A look of complete resignation plagues his features as he absorbs my words. He stares idly at a plant pot in the corner of the room, thinking more than seeing. I've fucked up again; I haven't helped him at all. Damn it, this hurts.

"Do you even know what I was out doing tonight?" He asks.

"I'm not sure, considering where I found you I thought maybe you were at a club."

"That's right." He sighs and shakes his head. "I was there alone. I don't really know what I thought was going to happen. In my head I was going to find a gay prince charming to pick me up and take me home and make sweet love to me, in reality I was just bobbing my head up and down in a corner with a coke in my paw, avoiding eye contact with anybody in the vicinity."

I let his words sink in to the room.

"Anxiety isn't easy," is all I can think to say. Inside I feel a sudden closeness to him, a sort of bond. The way he explained it all, it was like he held a mirror up to me and showed a vision of years gone. Yet, I can't quite bring myself to let him know how similar we are. Anxiety. It's a subject I have never linked to myself openly, as though admitting it would give it complete control all over again. I wish I could finally speak up, but even now it's too damn difficult. Instead I resort to encouragement. "That doesn't mean you aren't worth anything, or that you won't ever find the right guy."

"I'm starting to think I might settle for any guy. It's not something I normally talk about, but hey, I'm already telling you my deepest secrets so why shouldn't I tell you this too? I'm still a virgin." His eyes are screwed shut but still damp.

Right now he's vulnerable. I've heard it said before that victims often find a way to blame themselves when they reflect on their attack. I guess it's the only way you can reconcile that event with the rest of your life, something that horrible could only happen to somebody so awful as you, right?

No. Wrong.

Every person is an elaborate labyrinth of contradictory geometry weaving in and out of itself, ever changing and ultimately unknowable. By the time you find the center the dimensions have already shifted. That's how I look at it, anyway. By all that I mean to say I don't know Matthew very well, and I could never truly know him entirely, but for some instinctive reason I'm as sure of my next action as I have ever been sure of anything.

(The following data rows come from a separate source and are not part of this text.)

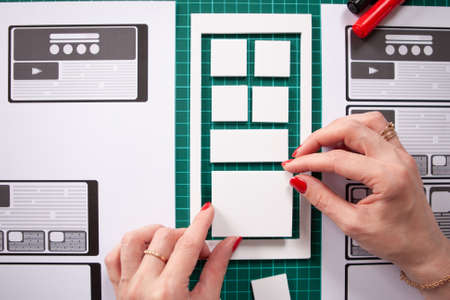 Girl creates a prototype application. UX mobile app design. The process of creating an application. Visualization for phone applications. She thinks the structure of the application designer.の写真素材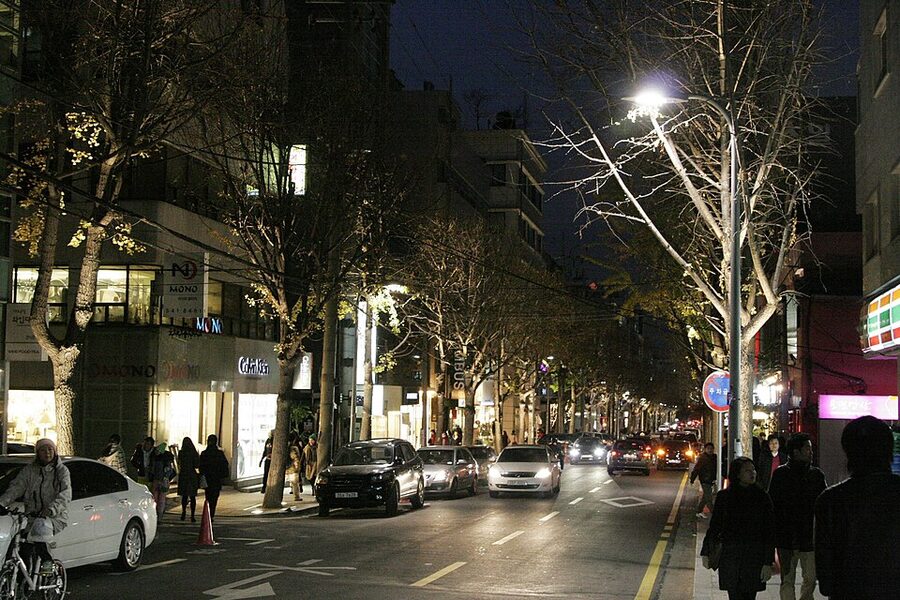Garosu-gil Gangnam at night with glowing storefronts
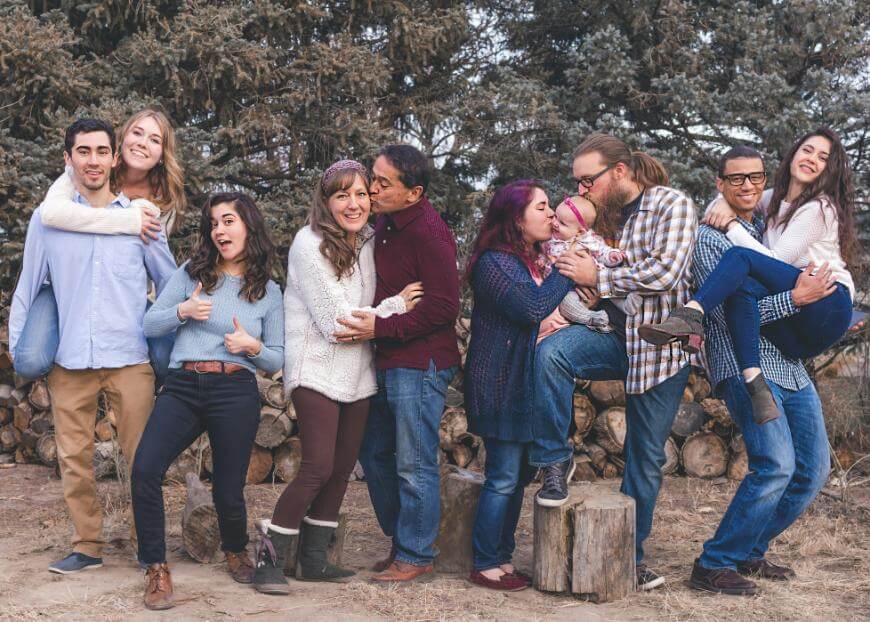 A group of nine people pose happily outdoors in front of trees and logs. Some couples embrace, one person holds a baby, and everyone is smiling or laughing, wearing casual fall or winter clothes.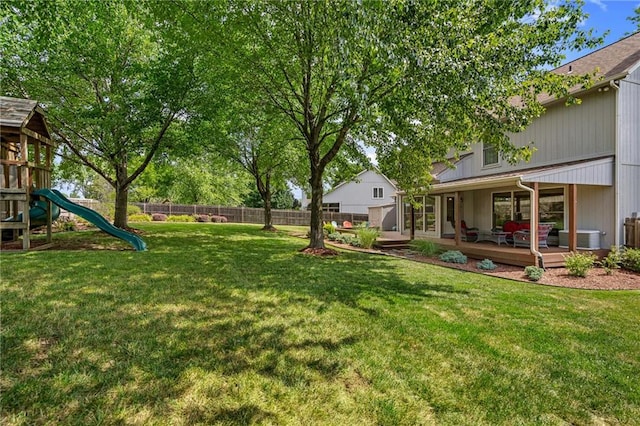 508 Ambersham Dr, Lees Summit, MO 64081 - view of yard with a wooden deck and a playground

I take another step toward him, reach out and stroke down the side of the face before cupping his muzzle in my paw ever so softly and nudging his gaze towards me. He looks at me shocked, anxious, excited.

Here in front of me is a wonderful, flawed, fully formed person. He doesn't deserve to feel the way he feels now. He doesn't deserve blood caked fur or a tear strewn face. He doesn't deserve the anxiety or the pain. I wish there was a way I could make it all go away, but for better or worse I know there is no easy answer.

I don't reply to his dejected ramblings and secrets, instead I say: "Matt, I just want you to know, you're beautiful."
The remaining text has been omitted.